Muslim woman says religious discrimination may force her to give up hijab

Muslim woman says religious discrimination may force her to give up hijab

GULFPORT, MS (WLOX) - A Gulfport woman said religious discrimination is forcing her to make a painful decision when it comes to how she practices her faith. Latrice Jackson-Artis is a Muslim who prefers to cover her head, but lately says she's reconsidering her decision to wear a hijab.

Latrice Jackson-Artis was raised a Christian in Chicago, Illinois. She said her father would often visit mosques which is how she was introduced to Islam. When she converted to Islam, she decided to wear a head covering.

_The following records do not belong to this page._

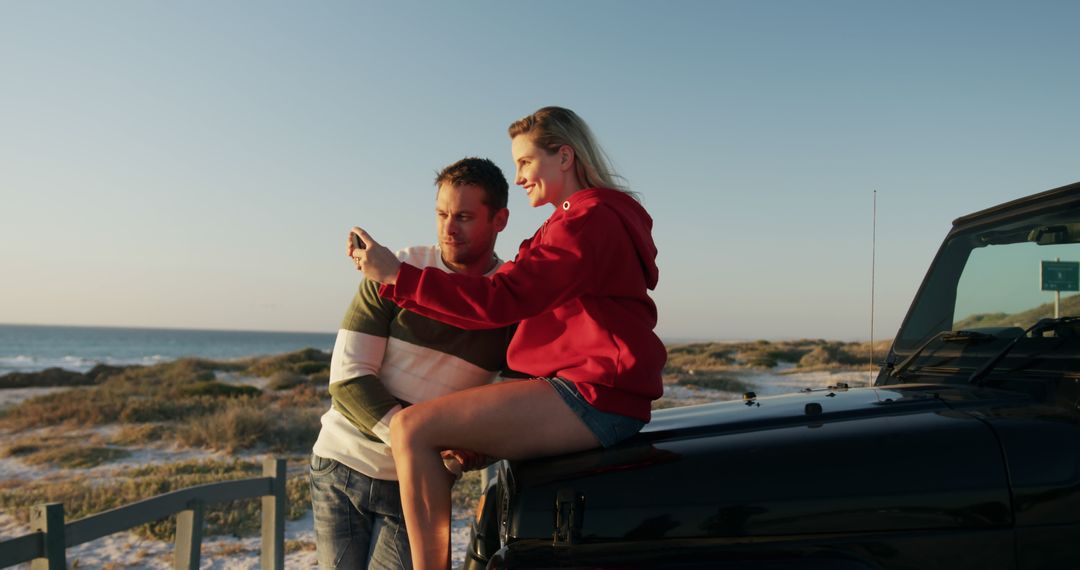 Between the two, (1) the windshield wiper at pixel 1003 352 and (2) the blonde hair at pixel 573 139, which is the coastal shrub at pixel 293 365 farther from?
(1) the windshield wiper at pixel 1003 352

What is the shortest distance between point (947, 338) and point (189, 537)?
4.05 metres

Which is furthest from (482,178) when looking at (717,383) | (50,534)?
(717,383)

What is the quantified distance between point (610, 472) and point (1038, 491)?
1014 mm

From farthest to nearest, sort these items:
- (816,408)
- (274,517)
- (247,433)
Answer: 1. (247,433)
2. (274,517)
3. (816,408)

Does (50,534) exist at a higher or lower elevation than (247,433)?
higher

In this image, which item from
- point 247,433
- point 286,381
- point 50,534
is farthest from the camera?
point 286,381

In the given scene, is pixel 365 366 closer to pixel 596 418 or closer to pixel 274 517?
pixel 596 418

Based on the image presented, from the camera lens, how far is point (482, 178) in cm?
283

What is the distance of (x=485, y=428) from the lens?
85.3 inches

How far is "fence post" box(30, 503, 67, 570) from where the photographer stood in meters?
3.35

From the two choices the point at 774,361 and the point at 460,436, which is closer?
the point at 460,436

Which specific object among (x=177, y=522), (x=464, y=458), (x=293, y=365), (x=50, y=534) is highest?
(x=464, y=458)

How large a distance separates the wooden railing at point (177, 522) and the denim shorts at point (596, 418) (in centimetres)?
245

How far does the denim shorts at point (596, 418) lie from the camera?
7.27 ft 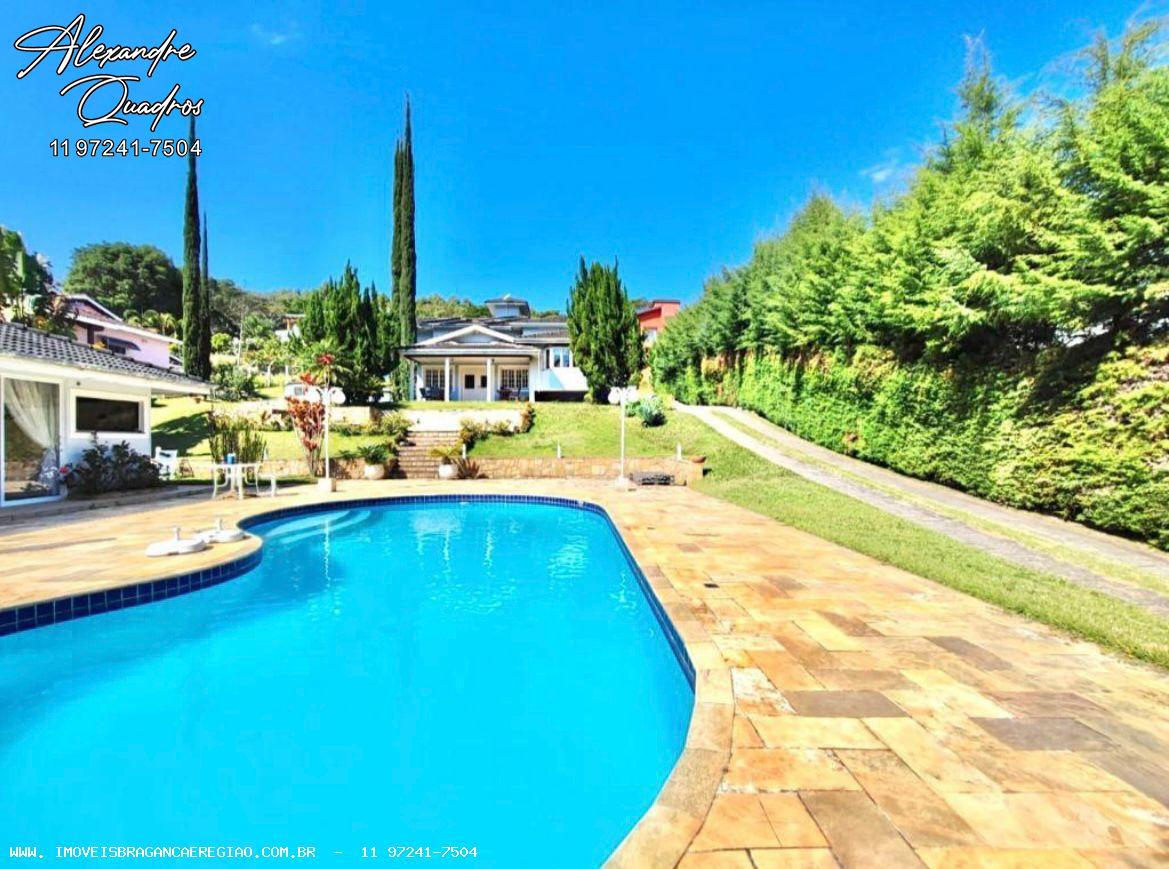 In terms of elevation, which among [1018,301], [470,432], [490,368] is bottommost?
[470,432]

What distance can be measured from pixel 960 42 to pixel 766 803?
17317mm

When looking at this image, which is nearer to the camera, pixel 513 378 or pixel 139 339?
pixel 513 378

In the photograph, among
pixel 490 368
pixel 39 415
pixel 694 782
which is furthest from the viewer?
pixel 490 368

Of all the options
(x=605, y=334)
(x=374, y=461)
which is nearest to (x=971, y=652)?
(x=374, y=461)

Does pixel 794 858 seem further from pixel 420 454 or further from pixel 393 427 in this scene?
pixel 393 427

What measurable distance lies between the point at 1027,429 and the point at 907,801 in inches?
415

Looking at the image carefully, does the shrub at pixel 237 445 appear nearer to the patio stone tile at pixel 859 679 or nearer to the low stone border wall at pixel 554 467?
the low stone border wall at pixel 554 467

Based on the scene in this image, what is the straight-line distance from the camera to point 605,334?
25000mm

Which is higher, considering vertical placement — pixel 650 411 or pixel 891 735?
pixel 650 411

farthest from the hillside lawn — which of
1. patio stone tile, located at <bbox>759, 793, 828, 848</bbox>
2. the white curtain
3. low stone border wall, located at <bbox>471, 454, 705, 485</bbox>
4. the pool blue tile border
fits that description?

"I wear my hijab according to my faith and because I choose to wear it and not because someone is making me," said Jackson-Artis. "My husband is not even Muslim. I decided to wear the head covering because it makes me feel more modest about how I carry myself and most importantly how I carry myself around my daughter."

Jackson-Artis has two daughters, 11 and 15-year-olds who always cover when they leave the house. She said she covers about 80 percent of time, but because of problems she's had finding work in the last year and a half since moving to the Mississippi Gulf Coast she's considering putting on the hijab a lot less often.

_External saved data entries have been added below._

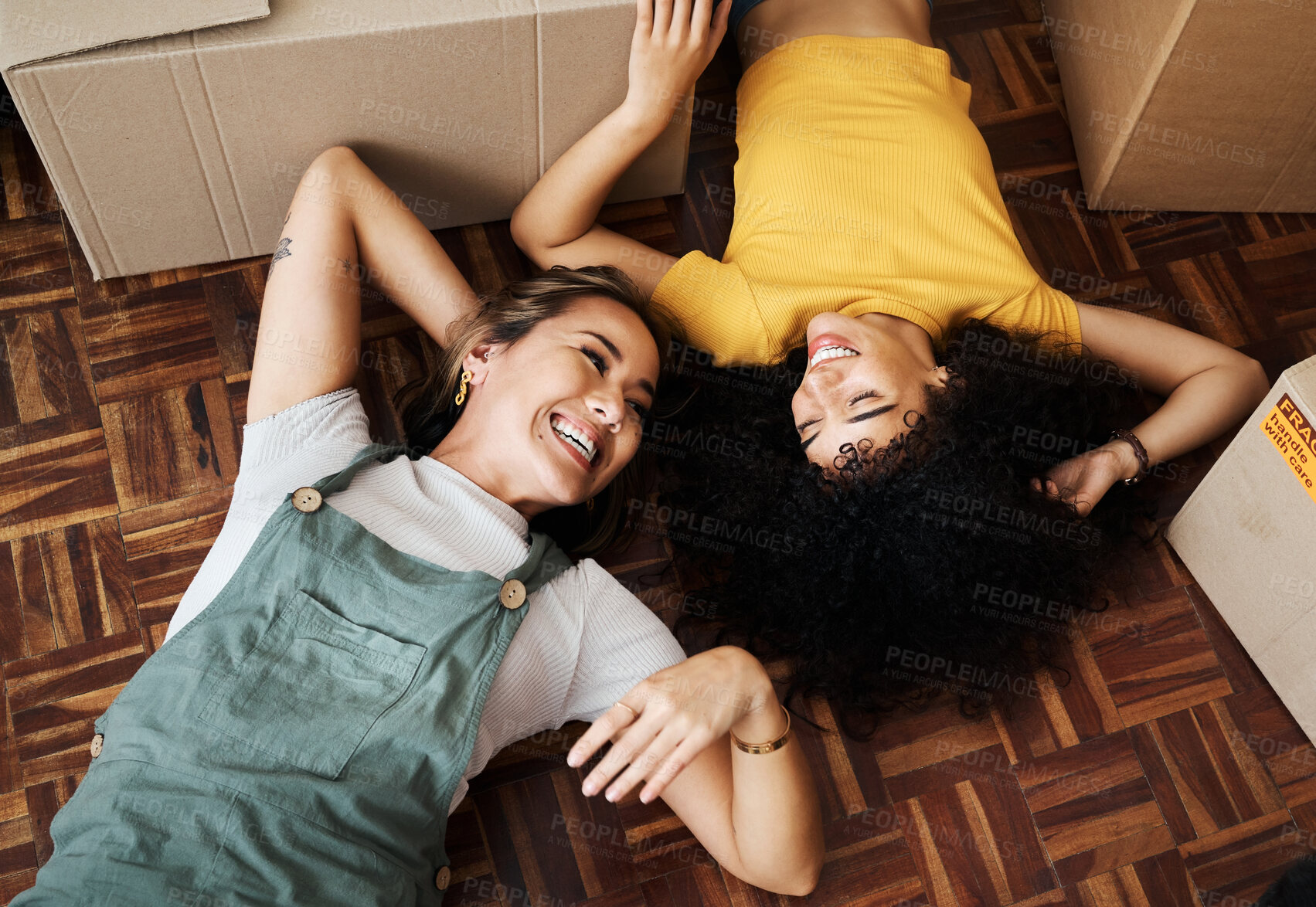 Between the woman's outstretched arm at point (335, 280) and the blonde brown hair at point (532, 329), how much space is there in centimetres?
7

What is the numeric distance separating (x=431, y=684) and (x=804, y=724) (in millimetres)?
611

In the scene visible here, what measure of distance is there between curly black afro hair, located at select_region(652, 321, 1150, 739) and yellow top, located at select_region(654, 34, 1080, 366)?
0.06m

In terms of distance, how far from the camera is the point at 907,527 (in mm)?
1479

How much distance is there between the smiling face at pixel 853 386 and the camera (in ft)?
4.93

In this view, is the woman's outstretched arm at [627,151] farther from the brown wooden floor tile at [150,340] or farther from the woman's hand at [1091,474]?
the woman's hand at [1091,474]

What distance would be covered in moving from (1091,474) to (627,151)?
2.85 feet

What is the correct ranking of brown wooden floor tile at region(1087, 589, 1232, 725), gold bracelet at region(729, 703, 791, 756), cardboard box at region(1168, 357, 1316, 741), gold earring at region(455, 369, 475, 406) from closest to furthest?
gold bracelet at region(729, 703, 791, 756)
cardboard box at region(1168, 357, 1316, 741)
gold earring at region(455, 369, 475, 406)
brown wooden floor tile at region(1087, 589, 1232, 725)

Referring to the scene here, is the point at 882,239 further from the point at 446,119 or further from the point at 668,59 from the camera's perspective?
the point at 446,119

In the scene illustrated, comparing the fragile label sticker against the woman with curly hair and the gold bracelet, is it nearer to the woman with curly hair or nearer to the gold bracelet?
the woman with curly hair

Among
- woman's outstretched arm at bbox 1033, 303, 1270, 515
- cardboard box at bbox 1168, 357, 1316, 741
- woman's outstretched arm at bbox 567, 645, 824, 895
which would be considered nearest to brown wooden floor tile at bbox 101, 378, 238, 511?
woman's outstretched arm at bbox 567, 645, 824, 895

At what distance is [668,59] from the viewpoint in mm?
1632

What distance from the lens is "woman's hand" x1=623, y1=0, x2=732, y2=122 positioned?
1.60m

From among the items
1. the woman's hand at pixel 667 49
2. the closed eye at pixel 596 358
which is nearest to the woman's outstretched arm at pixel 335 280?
the closed eye at pixel 596 358

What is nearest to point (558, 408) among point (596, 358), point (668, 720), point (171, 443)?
point (596, 358)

"You talk to me over the phone and you're like 'Oh, you have so much great experience. I would love to hire you,'" said Jackson-Artis. "Then when I show up you're like, 'No. You're the Taliban. You're Isis or whatever.' That's not fair to me. I'm an American citizen. I was born and raised in Chicago, Illinois."

While she studies the Bible, the Quran, the Torah and other religious texts, Jackson-Artis finds many people in the area are not open to learning about her faith and about why she covers. She said she and her children have been made to leave businesses because of their hijabs.

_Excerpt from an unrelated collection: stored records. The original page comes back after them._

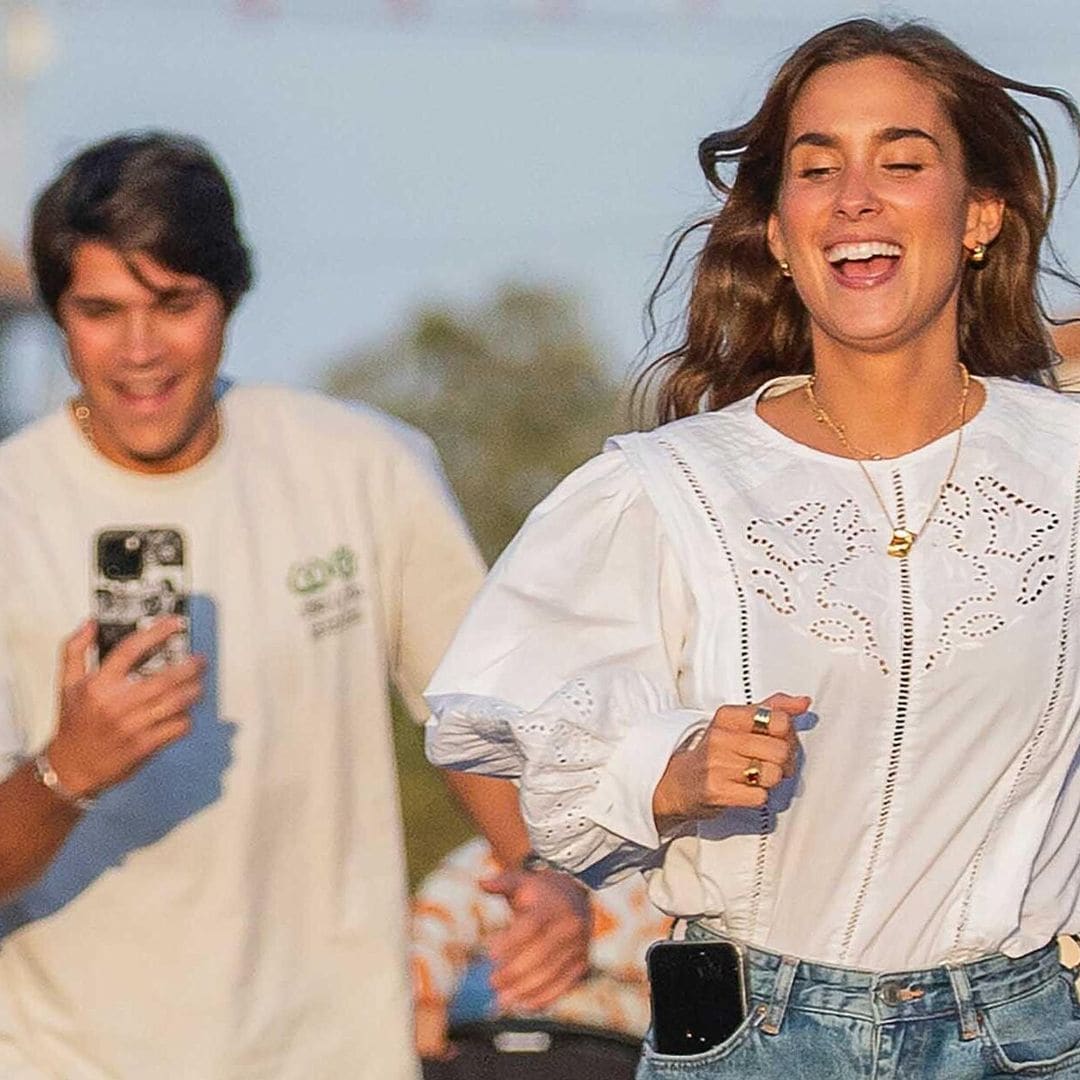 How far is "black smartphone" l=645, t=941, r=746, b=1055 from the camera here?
3736mm

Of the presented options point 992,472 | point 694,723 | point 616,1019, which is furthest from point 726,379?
point 616,1019

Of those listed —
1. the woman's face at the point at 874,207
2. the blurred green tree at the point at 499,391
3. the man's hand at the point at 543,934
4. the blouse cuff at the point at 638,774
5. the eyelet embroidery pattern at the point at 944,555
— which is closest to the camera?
the blouse cuff at the point at 638,774

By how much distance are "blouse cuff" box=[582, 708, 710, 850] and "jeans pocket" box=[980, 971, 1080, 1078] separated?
429 millimetres

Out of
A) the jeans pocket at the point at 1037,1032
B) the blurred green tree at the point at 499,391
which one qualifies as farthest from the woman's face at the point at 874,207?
the blurred green tree at the point at 499,391

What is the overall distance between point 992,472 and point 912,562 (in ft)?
0.57

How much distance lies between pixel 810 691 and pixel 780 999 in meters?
0.34

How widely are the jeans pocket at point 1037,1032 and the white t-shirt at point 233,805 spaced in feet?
4.04

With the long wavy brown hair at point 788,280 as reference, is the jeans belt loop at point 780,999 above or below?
below

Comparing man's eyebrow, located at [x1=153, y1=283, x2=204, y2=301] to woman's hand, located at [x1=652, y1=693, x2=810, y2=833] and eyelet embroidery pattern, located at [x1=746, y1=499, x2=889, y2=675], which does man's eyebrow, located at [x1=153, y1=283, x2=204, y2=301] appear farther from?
woman's hand, located at [x1=652, y1=693, x2=810, y2=833]

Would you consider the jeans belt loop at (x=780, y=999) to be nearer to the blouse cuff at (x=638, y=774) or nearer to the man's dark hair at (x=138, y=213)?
the blouse cuff at (x=638, y=774)

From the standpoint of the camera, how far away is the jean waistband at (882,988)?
3.68m

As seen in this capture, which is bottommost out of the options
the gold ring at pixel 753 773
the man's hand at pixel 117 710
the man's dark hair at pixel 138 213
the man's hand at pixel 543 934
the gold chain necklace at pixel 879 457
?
the man's hand at pixel 543 934

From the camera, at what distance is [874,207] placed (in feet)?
12.7

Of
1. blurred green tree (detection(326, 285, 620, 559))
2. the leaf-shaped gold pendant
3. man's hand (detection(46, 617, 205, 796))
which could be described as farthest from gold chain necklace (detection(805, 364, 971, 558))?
blurred green tree (detection(326, 285, 620, 559))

Jackson-Artis said, "The lady went off and was saying, 'You don't serve the same God we serve and you ain't coming in here with that on your head.' She was really irate, ignorant."

Now it's a decision between continuing to practice her faith the way she wants to in spite of the difficulties or taking off the hijab. Neither will be easy.

"My heart. My mind and my spirit is telling me I should continue to cover. But when you're faced with a dilemma and your livelihood in your household and your children you have to put other things first. Nothing is working for me when people see this and it's almost like should I do it or shouldn't I do it," Jackson-Artis.

Also the mother of three worries if she takes off her hijab to get work she might not be able to keep it.

"After I take this off to get the employment when I put it back on are they going to keep me? Are they going to exit me?" said Jackson-Artis. "Are they going to say, 'We didn't know you were Muslim, so you have to go.'"

Jackson-Artis said she doesn't think it's right she should feel forced to choose.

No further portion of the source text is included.